Lenape Women

 The Early Years*

*Edited version of a chapter in Portrait of the Rose City: A History of Madison, New Jersey, by Dr. Frank J. Esposito

Wisconsin Glacier

Northern New Jersey as we know it today began taking shape hundreds of millions of years ago.  Most dramatically, ancient volcanoes, located somewhere near what is now the northern part of Morris County, began to erupt about 125 million years ago.  At least three times, molten lava spewed forth then cooled into solid hills that long have borne the name Watchung, given by the indigenous people of the area, meaning “on the hill,” or “mountain wall.”

While the volcanoes roared in the Watchungs, the sea invaded as far North as an imaginary line between present day Trenton and New Brunswick.  The ancient Sea teemed with enormous creatures, sometimes as long as 50 feet.
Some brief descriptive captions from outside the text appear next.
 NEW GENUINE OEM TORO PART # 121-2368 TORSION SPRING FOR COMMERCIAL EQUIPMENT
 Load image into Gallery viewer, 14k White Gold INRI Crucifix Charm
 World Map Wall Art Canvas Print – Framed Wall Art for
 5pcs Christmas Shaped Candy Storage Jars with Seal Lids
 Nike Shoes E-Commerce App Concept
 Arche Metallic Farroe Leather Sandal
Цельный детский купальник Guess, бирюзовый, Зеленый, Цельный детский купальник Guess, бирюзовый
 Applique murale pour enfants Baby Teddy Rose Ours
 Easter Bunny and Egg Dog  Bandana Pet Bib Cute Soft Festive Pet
Sharks up to 70 feet long also populated the hazardous waters.  Closer to what was to become Madison, huge lumbering dinosaurs eventually roamed the land in search of prey or plant food.

The Ice Age would be nature's last major outrage against our planet Earth.  At least three glaciers had advanced into what is now New Jersey.  The recent, therefore, the one to leave the most evidence, was the so-called Wisconsin Glacier. Imagine an ice block a mile or more deep over much of northern New Jersey.  This awesome ice sheet came to rest along the Terminal Moraine, that place where a glacier dumps all the ground-up debris it has scraped off the surface of the earth.  Deep beds of sand, pebbles and gravel are visible evidence of the moraine.  In what is now New Jersey, the glacier terminated on an irregular line from Perth Amboy to Summit, Madison and Morristown. 
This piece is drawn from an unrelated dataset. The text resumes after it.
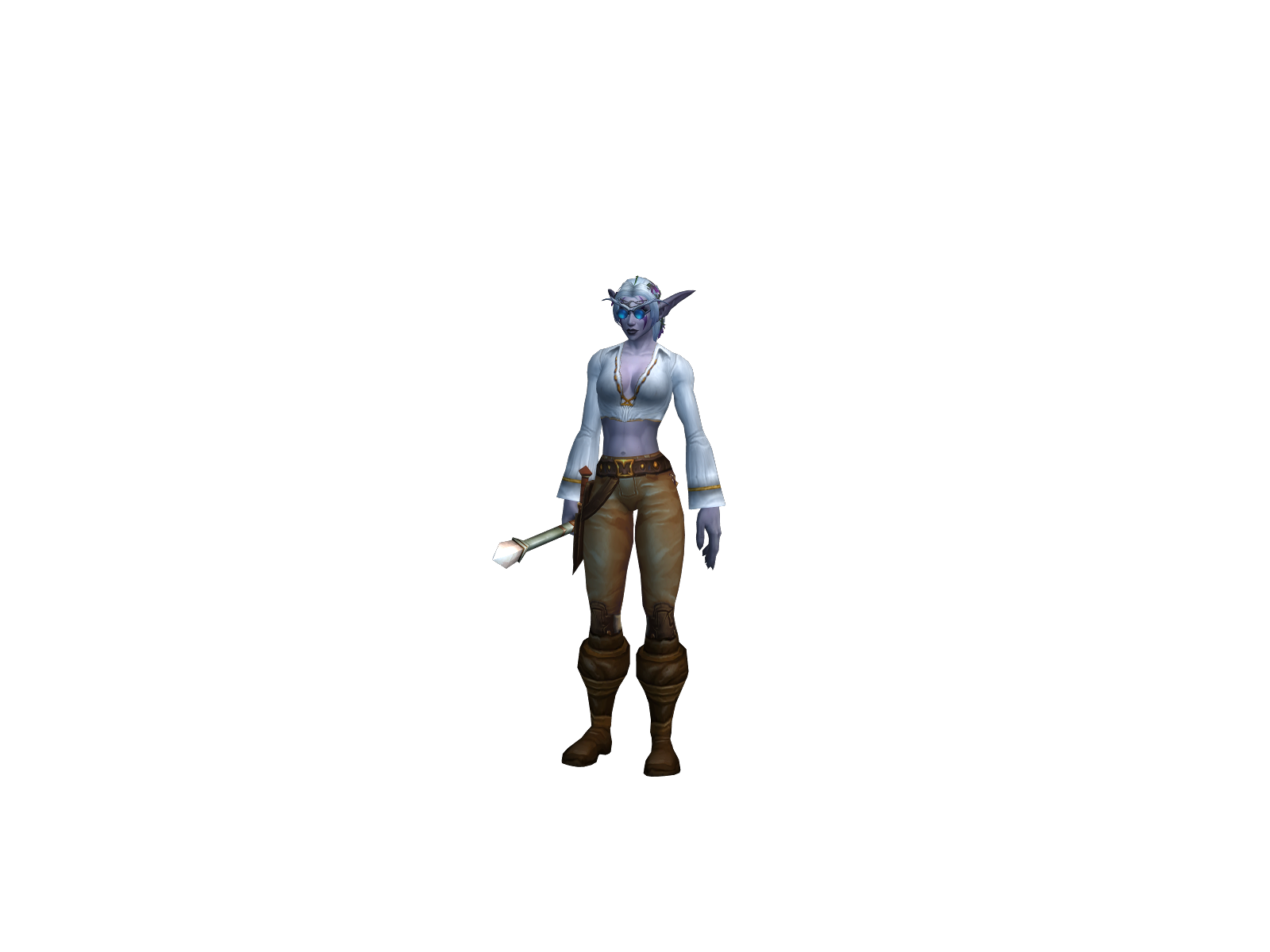 Equivocal 3D character render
The indigenous people were the first humans to inhabit New Jersey.  Their very name, Lenape, most likely meant among various interpretations, “common people.”  Inevitably some of them found what is now called Spring Garden Brook.  This was their kind of land: clean, with plentiful water, ample game and areas of open ground between patches of trees.

The Terminal Moraine ridge made a natural route through the wilderness, and the Lenape gradually widened a path presently known as the Minisink Trail.  It meandered from the Delaware River to the seashore, near Sandy Hook.  In present-day Morris County, the path ran from Dover through Morris Plains to Madison, where it followed present Hanover Avenue, Park Avenue and Kings Road to Main Street in Chatham. 

Two Lenape Women, 1880

The Lenape lived in small hamlets along the rivers and streams of New Jersey, eastern Pennsylvania and southern New York.  Other indigenous people knew the Lenape as one of the oldest native groups.  The Lenape left material evidence, or artifacts, of their culture in Madison’s Memorial Park, where they camped along Spring Garden Brook on a site that later became the farm fields off present Rosedale Avenue.

Disease, especially smallpox, severely diminished the Lenape population. They had no natural immunity to the disease, which was transmitted by contact with the colonists.  They experienced smallpox epidemics in 1654, 1663, 1679, 1715-1717, and 1731.  Malaria also decimated the Lenape as early as 1677.  Most, but not all, were gone by the mid-point of the 18th century.

While indigenous peoples were once a vital part of the area, their time was gone in the Madison region by 1715. Yet, the Lenape would not be heirs of the land.  Instead, Europeans would ruthlessly inherit it, as settlers originally from another continent were about to wend their way further westward through the gap at the Short Hills.